Un sourire qui veut dire "fais gaffe" (photo Barbora Čepelová, avec son aimable autorisation). |
Quand il s’agit d’échapper à leurs
prédateurs, les rongeurs font généralement profil bas. En cas de danger, les
voilà figés et silencieux, camouflés par les couleurs généralement grises ou brunes de leur pelage. Cette capacité à se fondre dans le décor, façonnée par
la sélection naturelle, augmente leurs chances de tromper les sens aiguisés de
leurs poursuivants.
Dans cette course à la discrétion, le
lemming de Norvège (Lemmus lemmus) détonne
complètement. Son pelage bariolé de couleurs contrastées – blanc, roux et noir
- et ses réactions bruyantes quand il est dérangé sont à l’opposé de ce qu’on
observe chez les autres rongeurs, y compris les autres espèces de lemming. Un
nouveau travail indique que ces caractéristiques étonnantes jouent en fait le
rôle de signaux aposématiques - c’est-à-dire des signaux avertissant
les prédateurs qu’ils s’approchent d’une proie plus coriace que les autres, à
la manière des couleurs vives ornant certains insectes et serpents venimeux.

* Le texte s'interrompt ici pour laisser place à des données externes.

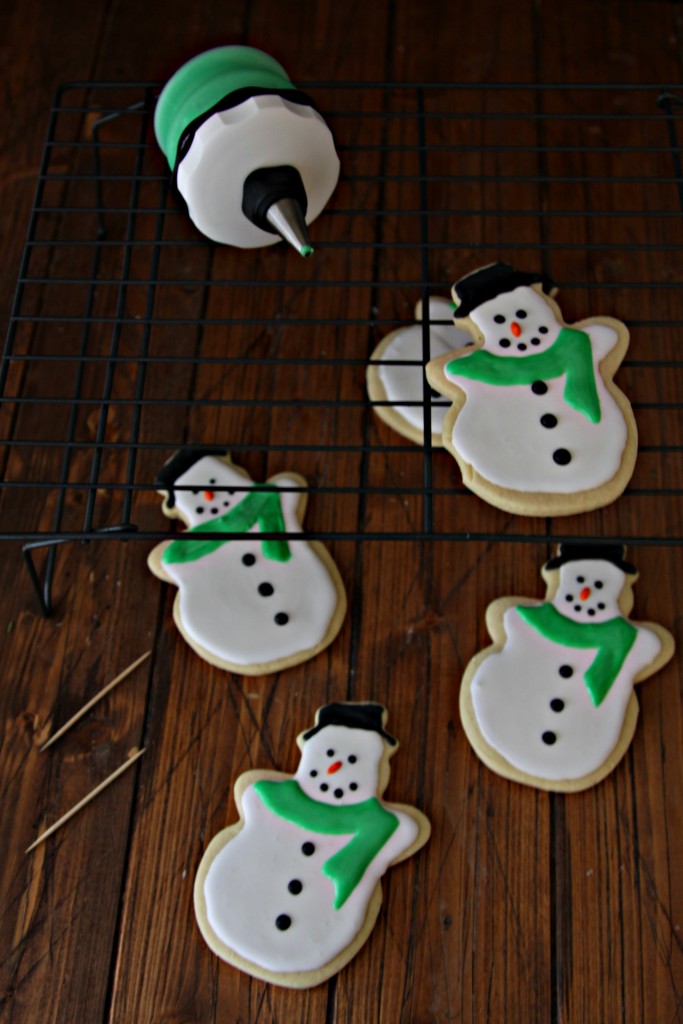 Snowman Sugar Cookies on baking rack with icing applicator. Toothpicks scattered.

Avec leurs dents pour armes principales, ces
lemmings savent en effet se montrer très offensifs. Ils sont capables de mettre
en déroute de petits prédateurs comme les hermines, pourtant spécialistes de la chasse aux micro-rongeurs, et les labbes, ces oiseaux marins qui écument les terres pendant leur période de reproduction. On les a même
déjà vus tuer une belette ! Le risque pour les prédateurs est donc réel.

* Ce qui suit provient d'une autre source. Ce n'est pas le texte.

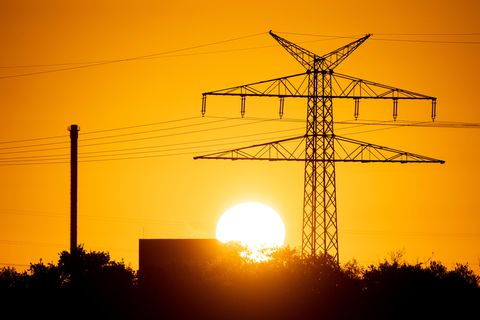 Die Sonne geht hinter einer Hochspannungsleitung an der Ems auf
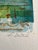 A vibrant and highly graphic mid-century modern serigraph titled “Bird Market,” signed lower right by Lynn Dutil and...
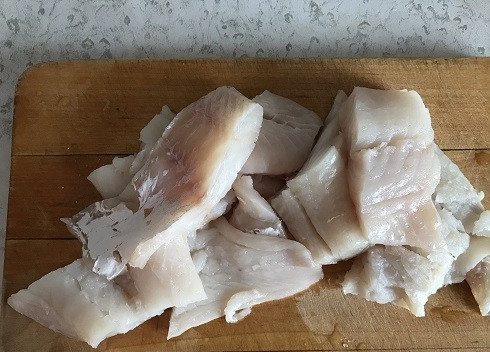 1. Этап. Рыбный салат Раковые шейки: Промываем филе трески, но можно использовать любую другую белую рыбу: минтай или хек. Нарезаем филе на куски и, когда вода закипит, кладем в кастрюлю. Варим до готовности около 15 минут. По желанию, воду можно посолить и добавить лимонный сок.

Pour qu’il y ait aposématisme, ce risque doit aussi être aisément identifiable
à distance. Or, l’apparence de l’animal et son comportement y contribuent de
plusieurs façons.
Une expérience a ainsi
montré que les couleurs particulières du lemming de Norvège le rendent nettement
plus détectable que les autres rongeurs partageant les mêmes habitats, comme le
campagnol du Sundevaall.
Le lemming de Norvège n'est pas un modèle de camouflage (photo kgleditsch). |
Enfin, comme pour corser un peu plus le
tableau, le lemming n’hésite pas à bondir tout en émettant des cris très
audibles : cette mise en garde sonore est systématique si l’intrus
approche à moins de 5 mètres, et elle résonne parfois à plus de 10 mètres de
distance !
L'avertissement à la fois sonore et visuel du lemming de Norvège (on parle de signal multimodal) augmenterait les chances que sa démonstration de force soit perçue par les prédateurs (vidéo avec l'autorisation d'Alexander Ryden).

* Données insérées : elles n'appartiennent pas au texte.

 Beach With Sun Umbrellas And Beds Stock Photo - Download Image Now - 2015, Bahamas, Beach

Les prédateurs peuvent donc difficilement
confondre ce lemming surexcité avec des campagnols, nettement plus discrets et
bien moins bagarreurs. En le différenciant des proies « faciles »,
ces signaux visuels et sonores augmenteraient les chances de survie du lemming puisqu'ils feraient renoncer un certain nombre de ses agresseurs. Au regard de leur
abondance dans la nature, les lemmings de Norvège sont ainsi largement
sous-représentés dans les trophées de chasse des labbes, tandis que les campagnols y sont
sur-représentés.
Depuis sa conceptualisation au XIXe
siècle et jusqu’à aujourd’hui, l’évolution des traits aposématiques n’a cessé
d’être débattue. De nouveaux exemples dans des groupes taxonomiques où
l’aposématisme est rare, comme ici chez les mammifères, peuvent donc aider à
mieux cerner les conditions qui favorisent son apparition.
Référence :
Andersson M., 2015 - “Aposematism and crypsis in a rodent: antipredator defence
of the Norwegian lemming”, Behavioural Ecology and Sociobiology 347: 651-654 (doi: 10.1007/s00265-014-1868-7).